The effects of major storms and weather events in the United States"

author: Derek Corcoran

Synopsis

The National Oceanic and Atmospheric Administrations (NOAA) studies weather and oceanographic events including severe storm and major weather events in the US. Among the data they inform is the number of deaths, injuries, crop damages and property damages.

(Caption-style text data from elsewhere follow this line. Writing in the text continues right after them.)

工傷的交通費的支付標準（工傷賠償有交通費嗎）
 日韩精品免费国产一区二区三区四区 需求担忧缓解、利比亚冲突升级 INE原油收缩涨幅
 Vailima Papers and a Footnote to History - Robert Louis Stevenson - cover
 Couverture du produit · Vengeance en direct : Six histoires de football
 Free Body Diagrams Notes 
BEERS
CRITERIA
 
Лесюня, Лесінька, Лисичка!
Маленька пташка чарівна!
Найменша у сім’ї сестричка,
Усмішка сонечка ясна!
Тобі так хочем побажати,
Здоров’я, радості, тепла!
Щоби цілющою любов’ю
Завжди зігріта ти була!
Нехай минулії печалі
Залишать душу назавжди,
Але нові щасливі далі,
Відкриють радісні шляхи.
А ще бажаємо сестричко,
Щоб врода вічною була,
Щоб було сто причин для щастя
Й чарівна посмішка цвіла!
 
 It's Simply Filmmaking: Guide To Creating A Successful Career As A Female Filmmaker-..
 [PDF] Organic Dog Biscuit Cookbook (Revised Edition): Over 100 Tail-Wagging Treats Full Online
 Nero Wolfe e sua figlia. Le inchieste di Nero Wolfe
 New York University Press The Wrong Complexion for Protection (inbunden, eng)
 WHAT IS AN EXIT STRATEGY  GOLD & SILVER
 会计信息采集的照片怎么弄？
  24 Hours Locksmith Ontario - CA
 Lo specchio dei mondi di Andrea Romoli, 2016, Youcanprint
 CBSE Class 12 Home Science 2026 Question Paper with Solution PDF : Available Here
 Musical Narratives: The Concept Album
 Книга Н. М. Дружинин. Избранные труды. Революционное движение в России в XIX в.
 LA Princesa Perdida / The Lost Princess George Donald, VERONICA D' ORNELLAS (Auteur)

This document summarises the top five event types in terms of deaths, injuries and combined econmic losses. Our work shows that Tornados are by far the natural disaster that causes more health and economic damage across the United States.

Data processing

Since the dataset is large and managing it, the whole rmarkdown document is set to cache the results

A directory is created and the data is downloaded from the internet to the computer and loaded into R

if (!file.exists("./PeerAssesment2")) {dir.create("./PeerAssessment2")}
## Warning in dir.create("./PeerAssessment2"): '.\PeerAssessment2' already
## exists
fileURL <- "http://d396qusza40orc.cloudfront.net/repdata%2Fdata%2FStormData.csv.bz2"
download.file(fileURL, dest = "./PeerAssessment2/Data.zip")
library(R.utils)
## Loading required package: R.oo
## Loading required package: R.methodsS3
## R.methodsS3 v1.7.0 (2015-02-19) successfully loaded. See ?R.methodsS3 for help.
## R.oo v1.19.0 (2015-02-27) successfully loaded. See ?R.oo for help.
## 
## Attaching package: 'R.oo'
## 
## The following objects are masked from 'package:methods':
## 
##     getClasses, getMethods
## 
## The following objects are masked from 'package:base':
## 
##     attach, detach, gc, load, save
## 
## R.utils v2.0.1 (2015-04-24) successfully loaded. See ?R.utils for help.
## 
## Attaching package: 'R.utils'
## 
## The following object is masked from 'package:utils':
## 
##     timestamp
## 
## The following objects are masked from 'package:base':
## 
##     cat, commandArgs, getOption, inherits, isOpen, parse, warnings
if (!file.exists("./PeerAssessment2/Data")) {
  bunzip2 ("./PeerAssessment2/Data.zip", destname = "./PeerAssessment2/Data")
}
list.files("./PeerAssessment2")
## [1] "Data"     "Data.zip"
Storm.data <- read.csv ('./PeerAssessment2/Data')

We see some of the data

str(Storm.data)
## 'data.frame':    902297 obs. of  37 variables:
##  $ STATE__   : num  1 1 1 1 1 1 1 1 1 1 ...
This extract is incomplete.